Jonah, Jeremiah and Ezekiel are all upheld as Prophets by the New Testament.  So as a Christian I need to uphold them as legit Prophets.

What Jeremiah says Yahuah said in Jeremiah 18 is absolutely consistent with The Torah, the Torah repeatedly teaches that God's Blessings and Curses are conditioned upon behavior.  In fact Deuteronomy's prophecy in chapters 29 and 30 is entirety couched as a hypothetical.

This website teaches plenty I disagree with, like on Ezekiel and Tyre which I'll get to later.  But it's a analysis on the Prophet test of Deuteronomy that I think is over all pretty helpful.
http://www.crivoice.org/prophetdeut18.html

What's deemed a capital offense is prophesying in the name of other gods, or saying it's okay to worship other gods. That is what it's most concerned with.  Deuteronomy 18:22 says.
"When a prophet speaketh in the name of Yahuah, if the thing follow not, nor come to pass, that is the thing which Yahuah hath not spoken, but the prophet hath spoken it presumptuously: thou shalt not be afraid of him."
It doesn't say this Prophet wasn't a true Believer, or even that he never was a true Prophet.  But he spoke Presumptuously, and for that reasons you should no longer fear his words.  But it doesn't call for execution.  In English in the KJV it looks like this Prophet would also be guilty of Deuteronomy 18:20's offense, but clearly there is a difference.

Interestingly some offshoots of Mormonism like Temple Lot teach that Josephus Smith was a true Prophet at first, but eventually went bad and spoke Presumptuously.  I think the very foundation of what Joseph Smith taught from the start had major inconsistencies with Scripture.   But it's interesting to note that here.

As a Continuationist Christian, I think it's important to note that 1 John 4:2-3 says "Every spirit that confesseth that Jesus Christ is come in the flesh is of God: And every spirit that confesseth not that Jesus Christ is come in the flesh is not of God".  There is no room for exceptions to either of those declarations.  Likewise 1 John 5:1 "Whosoever believeth that Jesus is the Christ is born of God".

Now, I disagree whole heartedly with the assertion that Ezekiel's Prophecy of Tyre failed.  Or that we need to expand it's time-frame to include Alexander to make it not a failure (I believe Isaiah 23's Prophecy about Tyre is specifically of Alexander's conquest, where Kittim/Greece is mentioned).
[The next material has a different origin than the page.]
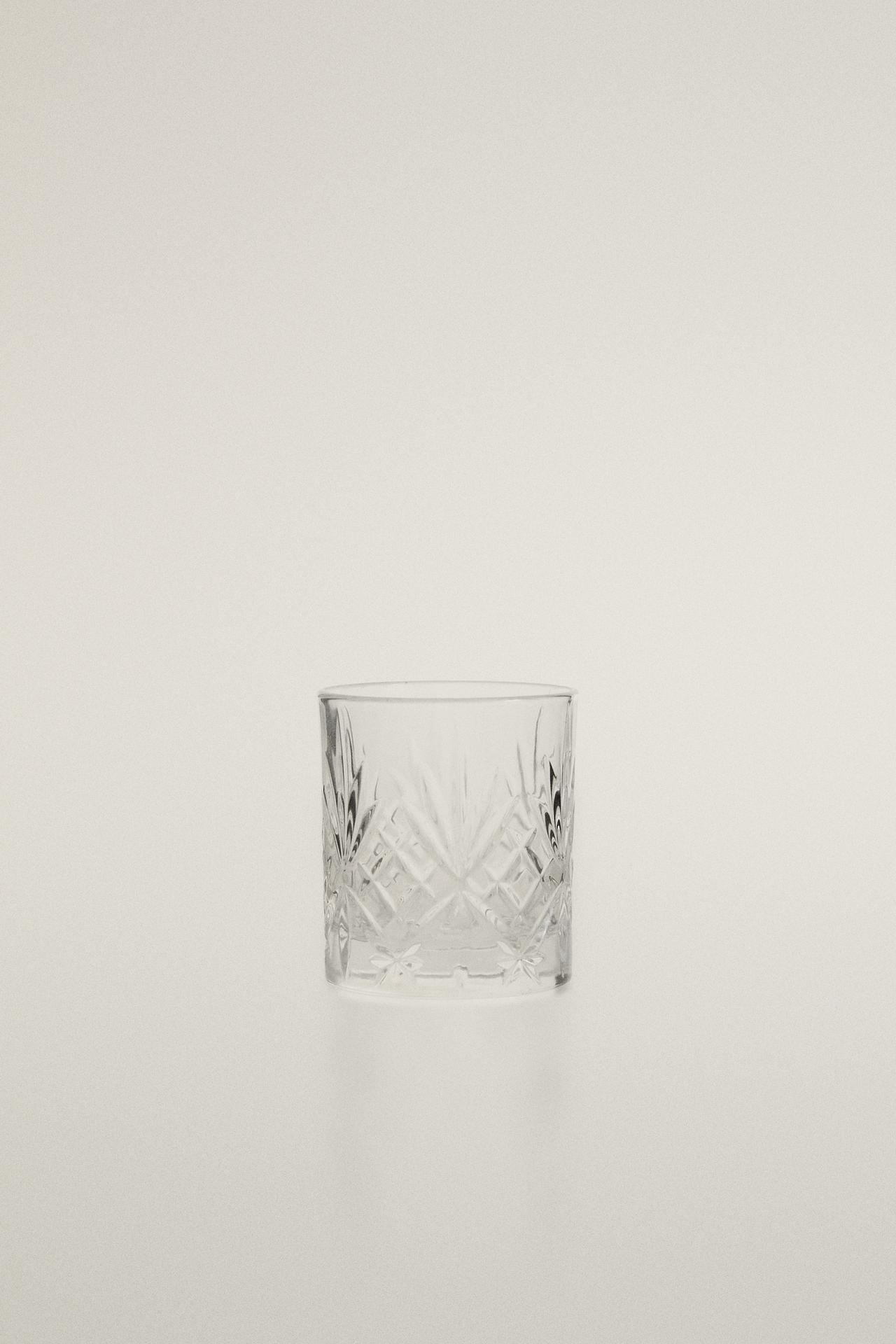 ENGRAVED CRYSTALLINE SHOT GLASS — Transparent
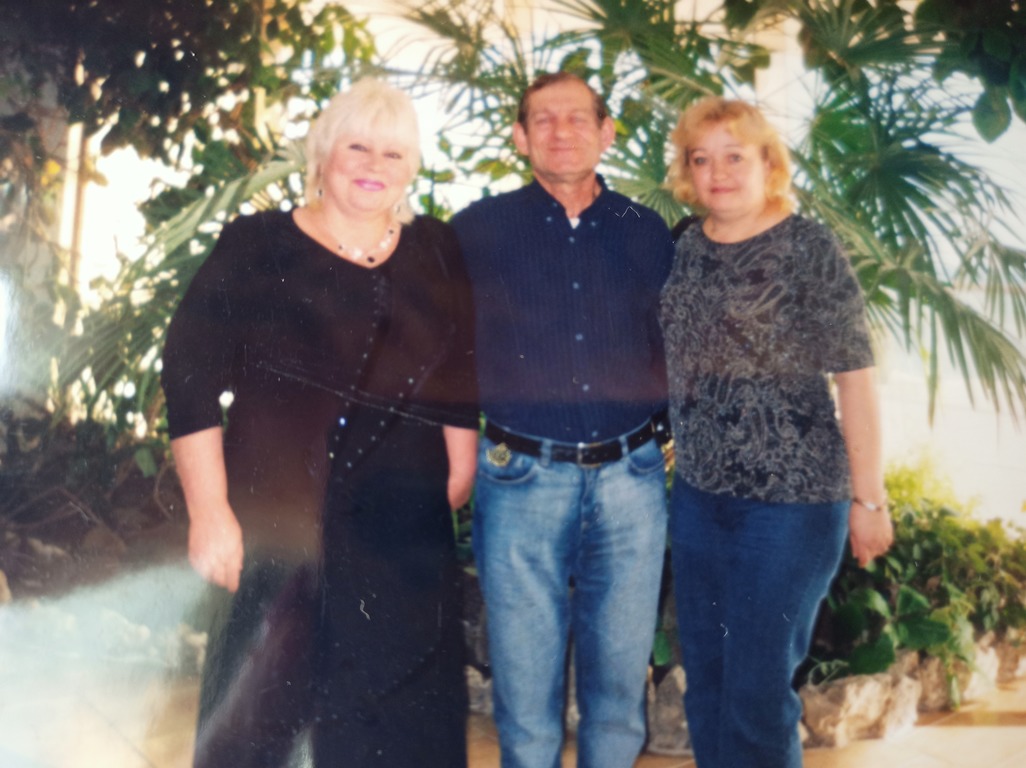 imgonline-com-ua-Resize-Et9wdBeu34bePM.jpg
First of all, there is an accusation that Ezekiel 29:17-20 is some kind of admission that his Prophecy about Tyre failed.  This is not the case.  God is saying Nebuchadnezzar and his army performed a service for him by sieging Tyre, and so he's giving him Egypt to reward that service.  Strictly speaking we do not know whether that Siege was successful based on Ezekiel 29 alone.

Now some might infer that if sieging Tyre was successful they wouldn't need to capture another country to be paid for it.  A, plenty of successful sieges have failed to produce booty, like when Xerxes captured Athens.  B, I can counter that if no judgment was inflicted on Tyre, they performed no service to be paid for.

People are reading things into Ezekiel 26 that aren't there when they say Nebuchadnezzar had to capture the Island to fulfill the Prophecy.  What people ignore criticizing this Prophecy is the origin of the Island being the main city was the people fleeing there during this Siege, and that is what Ezekiel is describing.  The Mainland city is all Ezekiel is clearly saying will be destroyed.

And as far as saying the not being inhabited part is a failure because Tyre exists to this day.  That is false, there is a city in New Testament and modern times calling itself Tyre, but that doesn't make it Tyre, it was not built on the same location.  The Mainland city Nebuchadnezzar destroyed is still a barren ruin right not.

Now one could say Alexander's actions have some relevance because of how he threw many of the ruins of the old city into the sea as he built his land bridge.  But that is a minor epilogue.

Now as far as questioning of Nebuchadnezzar ever captured Egypt.   I talked about that on my Prophecy blog.

But going back to the conditional commands.  As far as some people who might fear I'm weakening the Prophet Test's usefulness in opposing cults.  The conditional aspect is only an excuse if a nation wide change in behavior happens.